[Description]
Given a positive integer N representing the number of trains, 0 < N < 10, then enter the train inbound sequence, a total of N trains, each train numbered 1-9 numbers. It is required to sort out the serial number of the outbound train in lexicographic order.  
[Input]
There are several groups of test cases, each group of first line input a positive integer N (0 < N < 10), the second line includes N positive integers, ranging from 1 to 9.  
[Output]
Output the train outbound serial number sorted in lexicographic order, each number separated by spaces, and each output sequence line, specifically sample.  
Sample input 3123
Sample output
1 2 3 
1 3 2 
2 1 3 
2 3 1 
3 2 1

[Thoughts on Problem Solving]

Firstly, all possible output sequences are constructed.
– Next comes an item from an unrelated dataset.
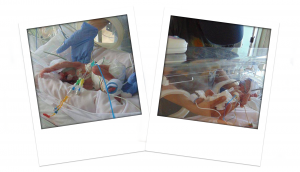 preemie baby in incubator Glasgow QEUH NICU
Then: output in dictionary order

Initialize a sort vector < string >: Each output is stored in the vector in string form, and then sort the vector in dictionary order.

#include <stack>
#include <iostream>
#include <stack>
#include <algorithm>
#include <vector>

using namespace std;

bool isOutNum(int *push, int *pop, int len)//Judging whether pop is the stack-out sequence of push
{
	if (push == NULL || pop == NULL || len <= 0)
		return false;
	stack<int> Stack;
	int i = 0, j = 0;
	for (i = 0;i<len;i++)//push the numbers on the stack in turn
	{
		Stack.push(push[i]);
		while (j<len && Stack.size() != 0 && pop[j] == Stack.top())//Determine in turn whether each pop sequence value is equal to the top of the stack
		{
			Stack.pop();
			j++;
		}
	}
	return Stack.empty();
}

int main()
{
	int N;
	while (cin >> N)
	{
		//Initialize arrays
        int *pushNum = new int[N];
		int *popNum = new int[N];
     
		for (int i = 0;i<N;i++)
		{
			cin >> pushNum[i];
			popNum[i] = pushNum[i];
		}
        //pop is an ordered arrangement
		sort(popNum, popNum + N);// This is because it's a continuous pointer interval. 

		vector<int> vec(N);//Initialize a vector;
		for (size_t i = 0; i < vec.size(); i++)
		{
			vec[i] = popNum[i]; //To assign values from pop to vec, use a loop
		}

		do
		{
			if (isOutNum(pushNum, popNum, N))//If the arrangement is correct, the output
			{
				for (int i = 0;i<N - 1;i++)
					cout << popNum[i] << " ";
				cout << popNum[N - 1] << endl;
			}
		} while (next_permutation(popNum, popNum + N));//Get the next permutation       
	}
	return 0;
}